--- Captioned web image data ---
# # # # # # #

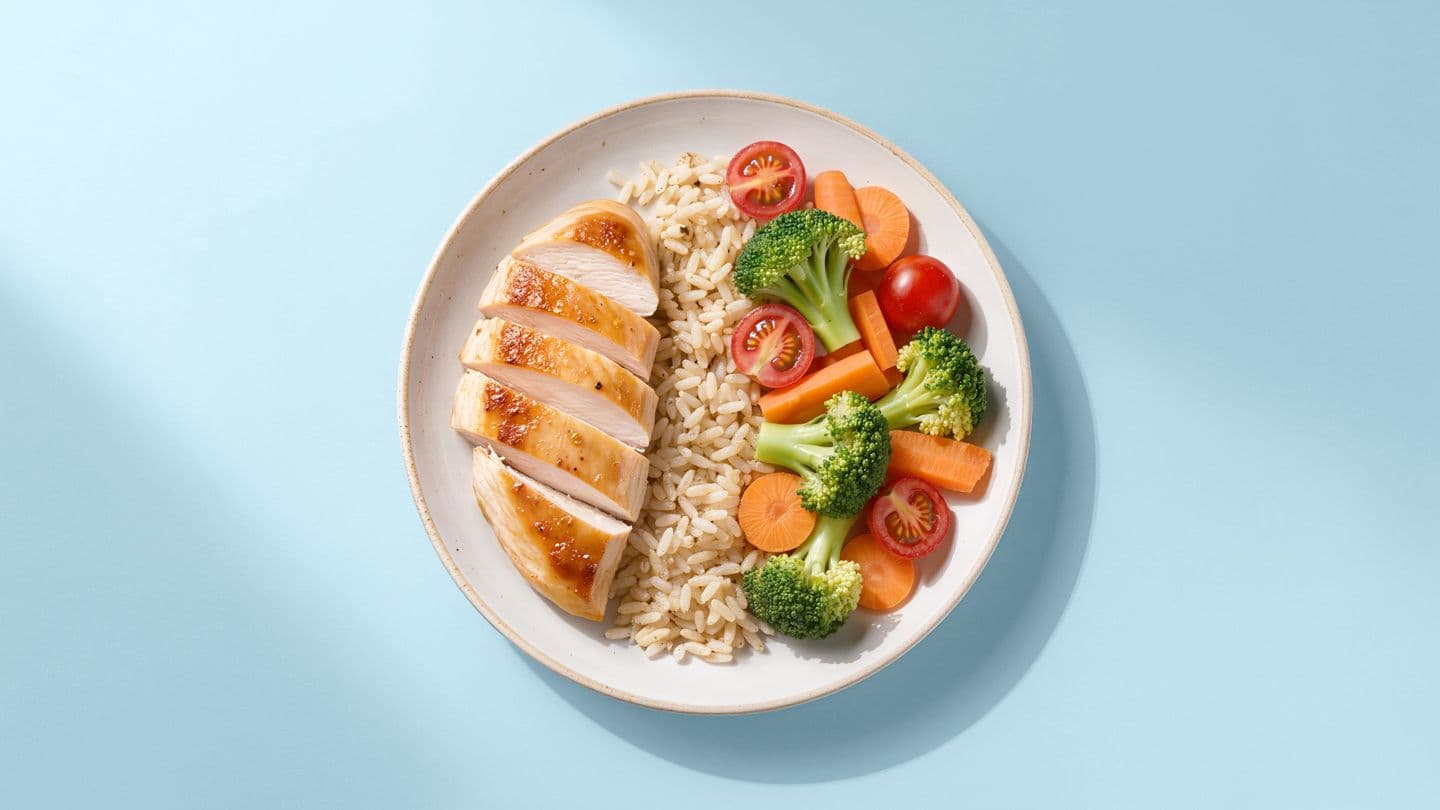 Everyday Health image accompanying “What to Eat While Taking a GLP-1 for Type 2 Diabetes.”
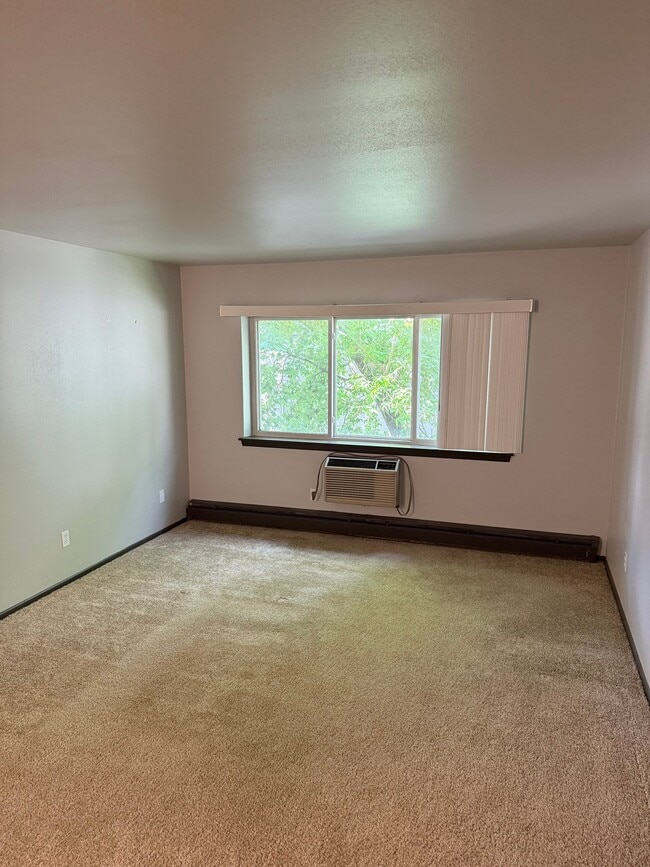 Photo - 2605 N Frederick Ave Unit 209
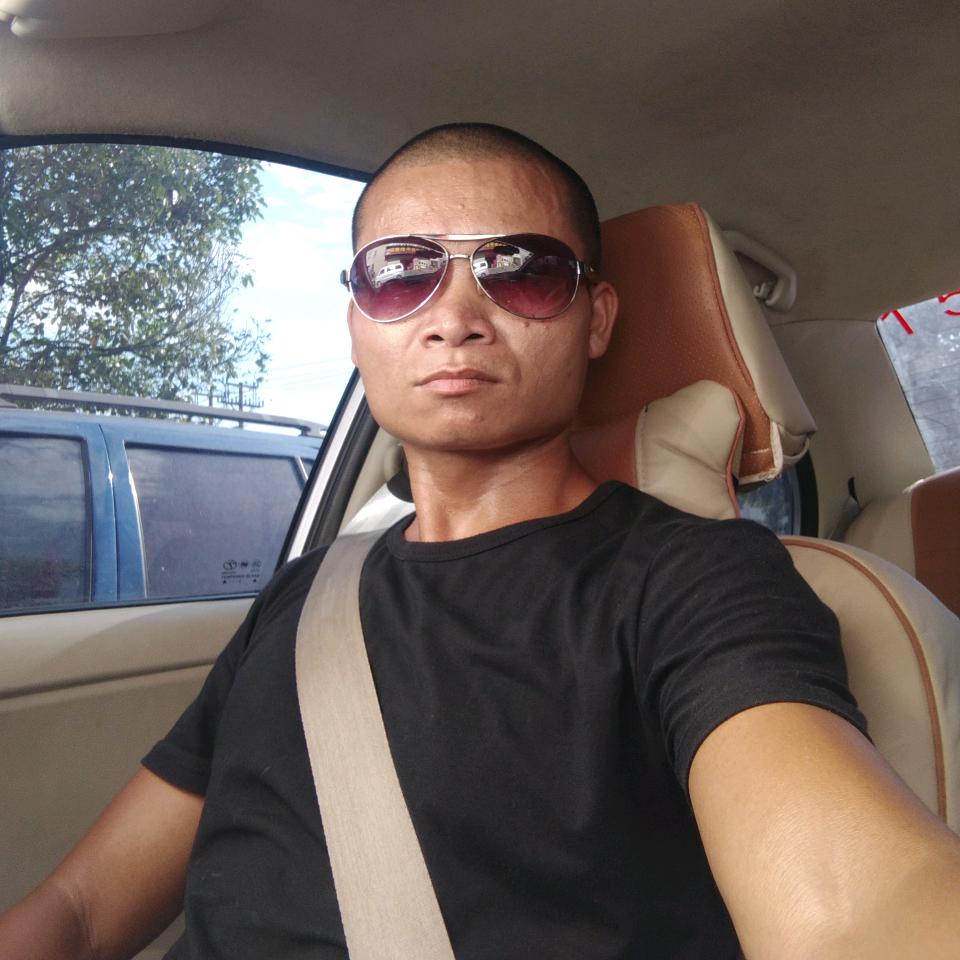 小旻哥（小号）开播号小明哥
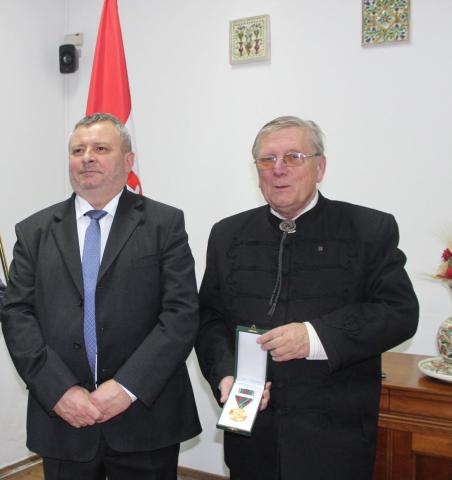 Magyar Arany Érdemkeresztet  kapott Széman Péter, az EME Szilágysomlyói fiókegyesületének elnöke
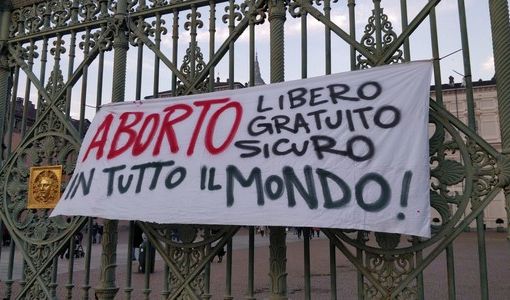 Manifesto pro aborto appeso a un cancello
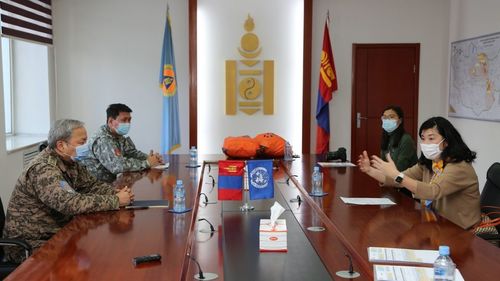Ариун цэвэр, эрүүл ахуйн багцыг хүргүүлэх ажлыг зохион байгуулж байна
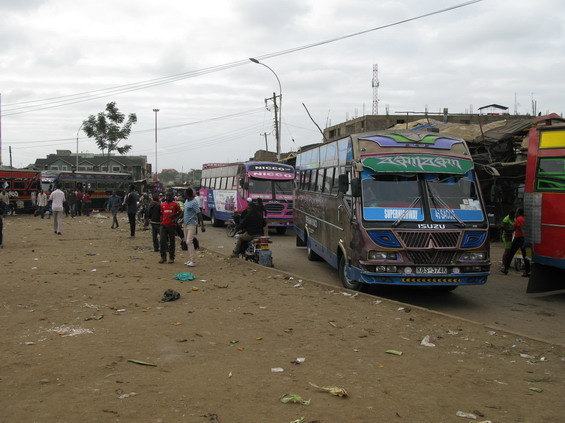 Dálnièní køižovatka v Githurai 45, jednom z nejvìtších pøedmìstí Nairobi asi 20 km severovýchodnì od metropole. Tady se odehrává každodenní soutìž jednotlivých posádek autobusù o zákazníky. Nahánìèùm, kteøí se neskuteènì radují z každého uloveného cestujícího, pomáhají v lákání lidí øidièi, kteøí intenzivnì troubí a túrují motory. Pøi hledání autobusu je dobré najít si ten, ve kterém už jsou nìjací lidé, protože se vìtšinou odjede brzy - neodjíždí se døív, než je autobus zcela naplnìn. Naštìstí jízdné je jednotné, ale mìní se v prùbìhu dne podle prùbìhu pøepravních špièek - napøíklad v hlavní špièce je až tøikrát dražší než v odvratném smìru.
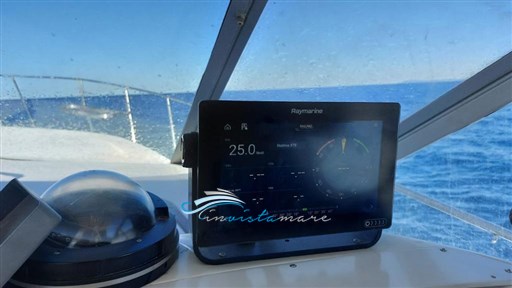 Bertram 38 strumentazione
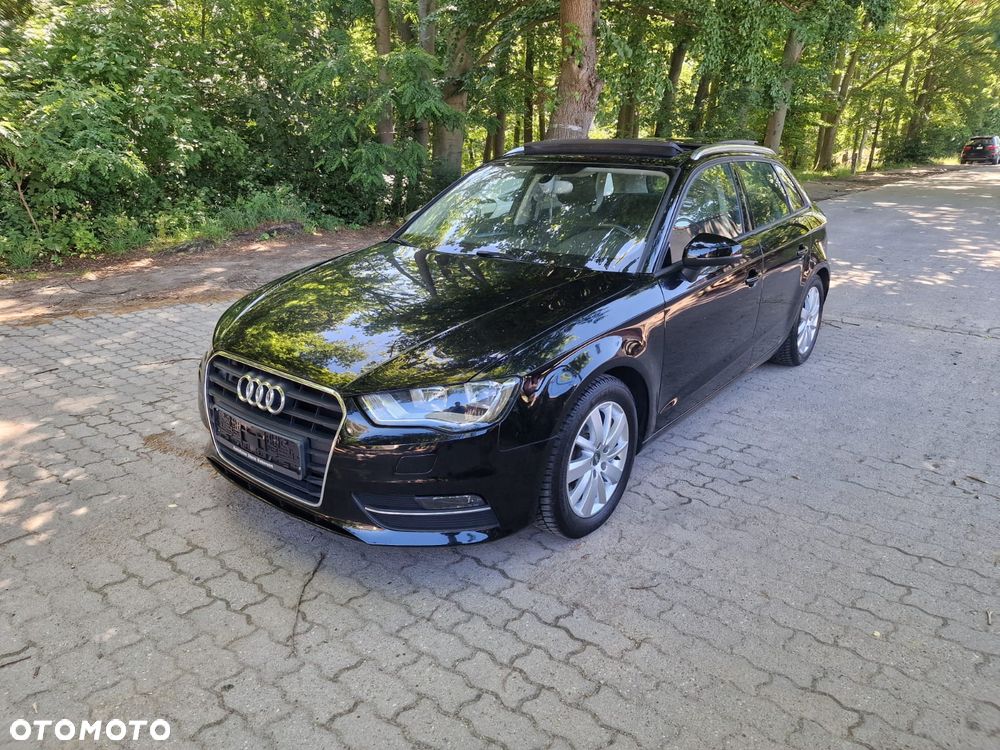 Audi A3 Sportback 1.4 TFSI Attraction - 1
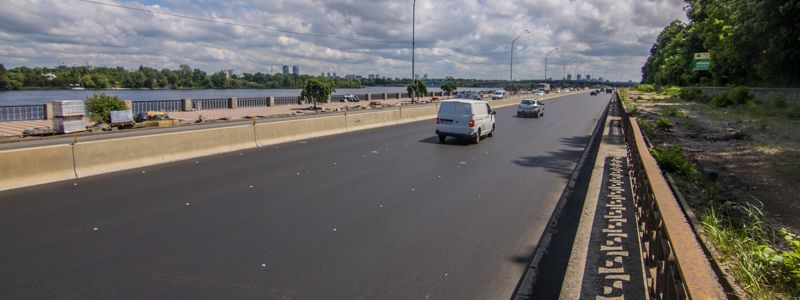 В Киеве после капремонта открыли Набережное шоссе: как выглядит трасса сейчас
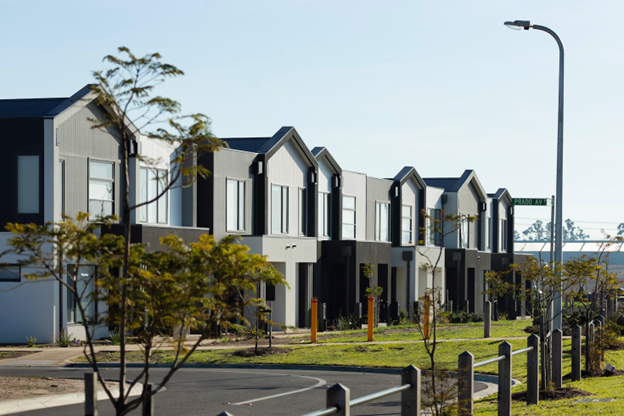 Row of townhomes in a neighborhood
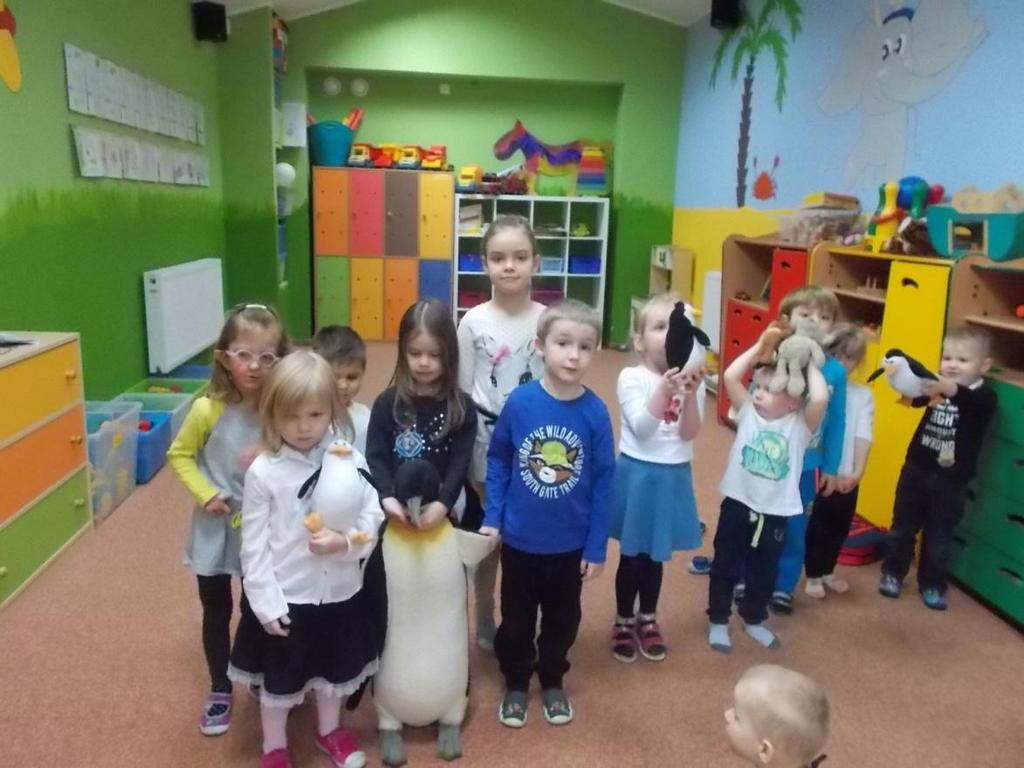 Dzień Pingwinka 20 stycznia odbył się Dzień Pingwinka. Dzieci mogły przynieść tego dnia maskotki i tematyczne książki.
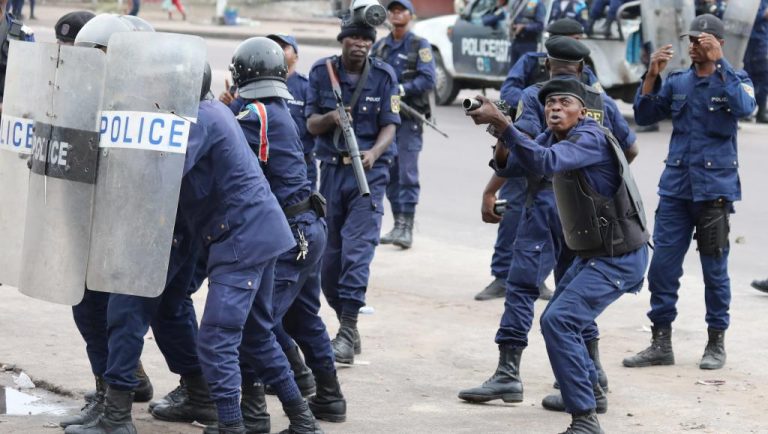RDC: prison à vie pour un policier, auteur du meurtre d&rsquo;un militant de Lucha à Beni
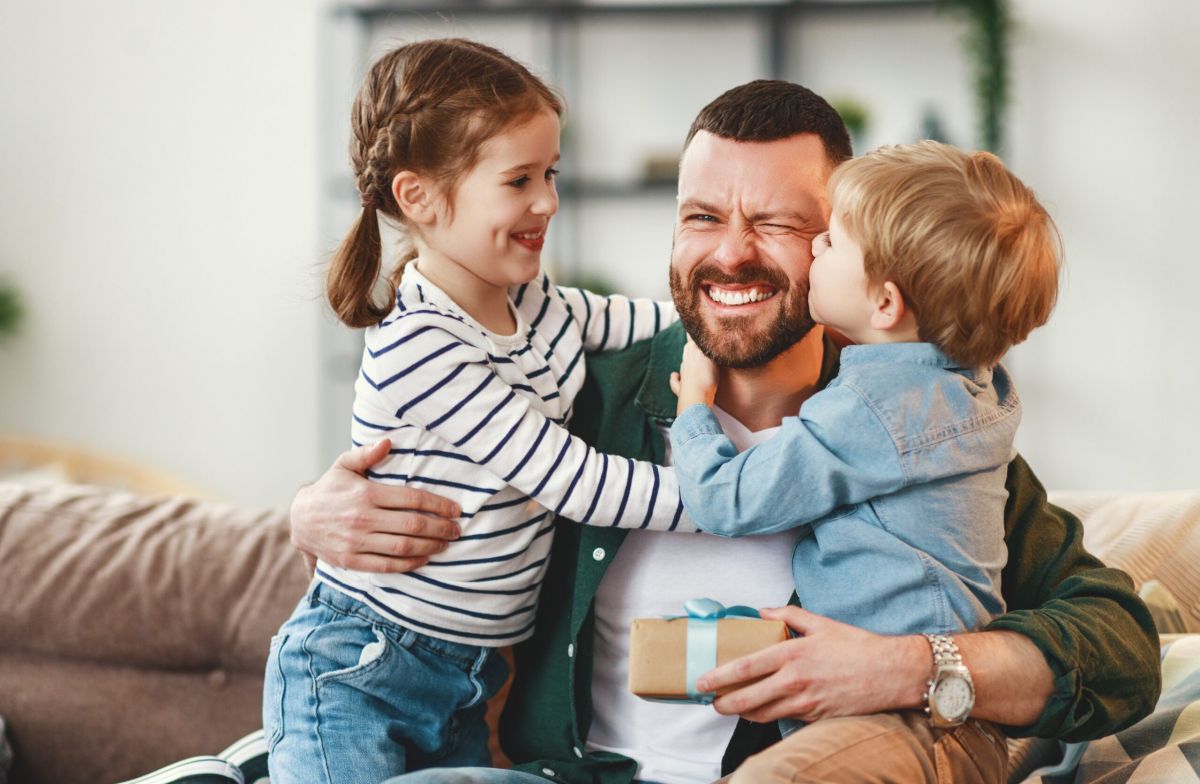 Dragostea necondiționată construiește încredere și apropiere între tată și copil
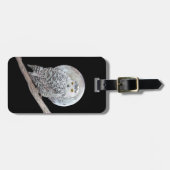 スノーフクロウと月絵画のオリジナル- Bird Art ラゲッジタグ (正面横)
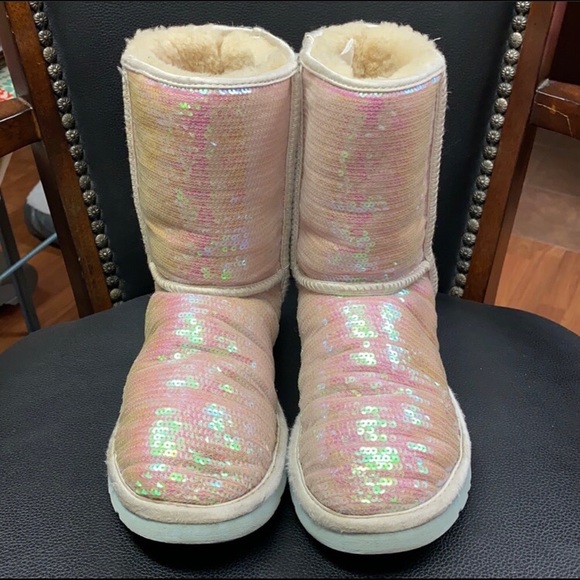 Limited Edition I Do Iridescent UGG Size 8 - Picture 2 of 14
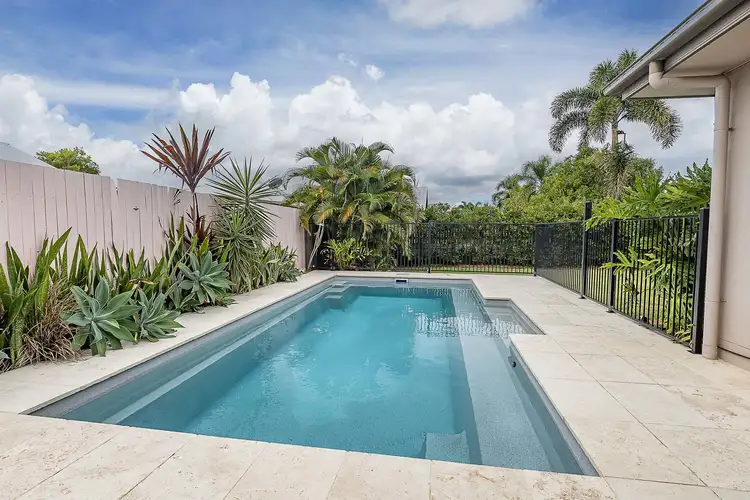 15 Aspley Drive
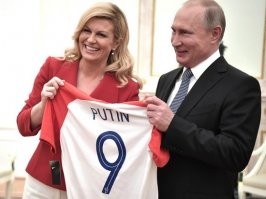 А мне хорватка нравиться , тетя в теле но красивая и всегда на позитиве . Грубо говоря я бы вдул :)))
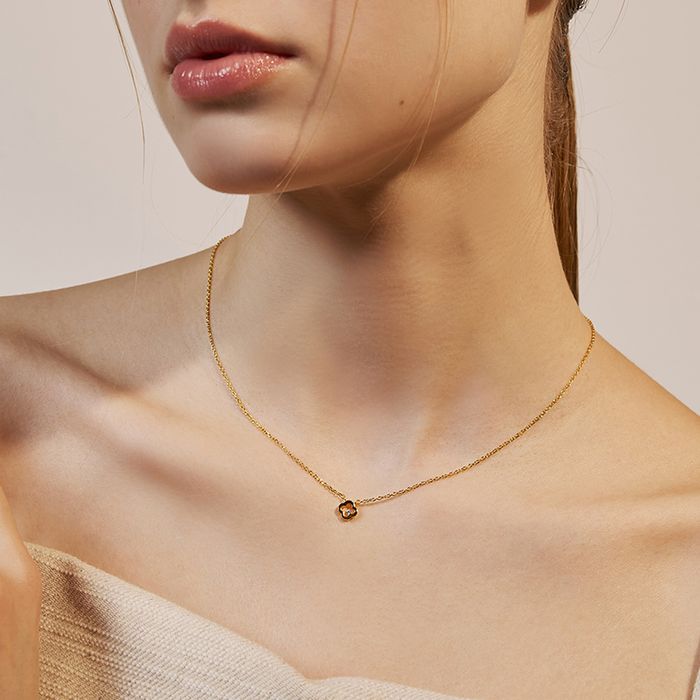 clover pendant necklace 2色 おしゃれ 韓国芸能人着用 韓国ファッション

# # # # # # #

--- WHAT YOU SHOULD DO ---
Write out, word for word, the lines from the first line of the entries through the one containing "Ариун цэвэр, эрүүл", both included. Leave out the pictures.

--- RESULT OF THE TASK ---
 Everyday Health image accompanying “What to Eat While Taking a GLP-1 for Type 2 Diabetes.”
 Photo - 2605 N Frederick Ave Unit 209
 小旻哥（小号）开播号小明哥
 Magyar Arany Érdemkeresztet  kapott Széman Péter, az EME Szilágysomlyói fiókegyesületének elnöke
 Manifesto pro aborto appeso a un cancello
Ариун цэвэр, эрүүл ахуйн багцыг хүргүүлэх ажлыг зохион байгуулж байна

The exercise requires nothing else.